CC docks? are they still in the water?

Been out of town a couple weeks.


----------



## Mason52 (Aug 21, 2009)

Was yesterday,


----------



## RickH (Jul 30, 2011)

Mason52 said:


> Was yesterday,


Thanks Mason!:Banane33:


----------



## trailbreaker (Oct 11, 2008)

rick see my post about the CC docks


----------



## RickH (Jul 30, 2011)

trailbreaker said:


> rick see my post about the CC docks


Thanks! Looks like I'll need a driver to launch the boat


----------



## Legend killer (Apr 20, 2011)

RickH said:


> Thanks! Looks like I'll need a driver to launch the boat


If you can't find a tree to tie up to, take a metal stake with you .


----------



## kingofamberley (Jul 11, 2012)

Hey Rick whats a mudfish?


----------



## Salmonid (Apr 14, 2004)

Mudfish = Bowfin

Salmonid


----------



## kingofamberley (Jul 11, 2012)

Ah gotcha. I've never heard em called that and I've never seen one caught in SW ohio haha


----------



## Salmonid (Apr 14, 2004)

closest fishable population of bowfin is about 90 minutes NE of Cinci....NE Ohio is loaded with them, same areas youll find pike normally


Salmonid


----------



## Mason52 (Aug 21, 2009)

RickH said:


> Thanks! Looks like I'll need a driver to launch the boat


I just tie a long rope onto my boat and trailer then pull it back to the dock. When I get done fishing I just drive my boat onto the ramp nice and slow. My boat is aluminum. Most fiberglass boats have a keel guard or should have. I saw a guy in a ranger boat onetime just fly onto the ramp. I thought it was nuts, but he said that his keeel guard protects his boat I still think I'd take it a little slower then he did. 
I will fish all Winter as long as the lake doesn't freeze


----------



## trailbreaker (Oct 11, 2008)

RickH said:


> Thanks! Looks like I'll need a driver to launch the boat


no you won't watch this video.. this guy launched his boat by him self


----------



## Legend killer (Apr 20, 2011)

I like to tie my boat up on the shore. It would suck if a wave came in and pulled my boat out to the lake.


----------



## RickH (Jul 30, 2011)

Salmonid said:


> closest fishable population of bowfin is about 90 minutes NE of Cinci....NE Ohio is loaded with them, same areas youll find pike normally
> Salmonid


I caught one on a worm down on Okeechobee a couple weeks ago. Thats what my father-in-law called it. Looked like a catfish without wiskers until I pulled it out of the water.

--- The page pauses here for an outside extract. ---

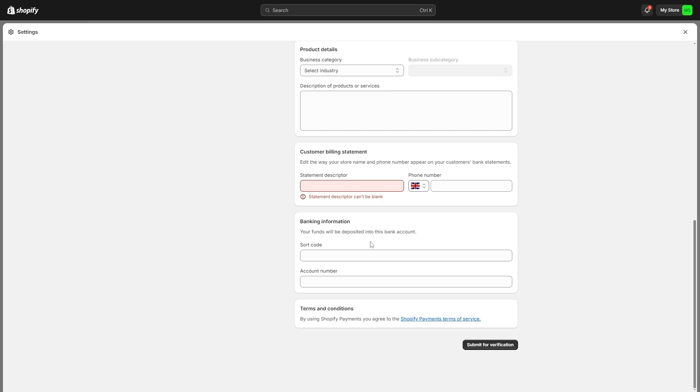So since I'm from the UK it's asking for my sort code and account number however if you're from a different country it may be asking you for something else.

Thanks Mason but I have a glass boat and won't chance it not worth it. She is still in nice shape for her age. I've looked all over there. It would be really nice if they had a nice soft shore around the ramps for the times when the docks are out but what do I know. Big sharp ugly boulders most be better next to a boat ramp. Make since to me!

My son and I fish together a lot anymore I just make sure he is with me when the docks are out. Just can't go when I feel like it then.


----------



## imalt (Apr 17, 2008)

You could beach it on the beach at the north pool ramp. I think that is what that ramp is called anyone correct me if I am wrong

Outdoor Hub mobile, the outdoor information engine


----------



## Salmonid (Apr 14, 2004)

or around the corner at the sailboat ramp....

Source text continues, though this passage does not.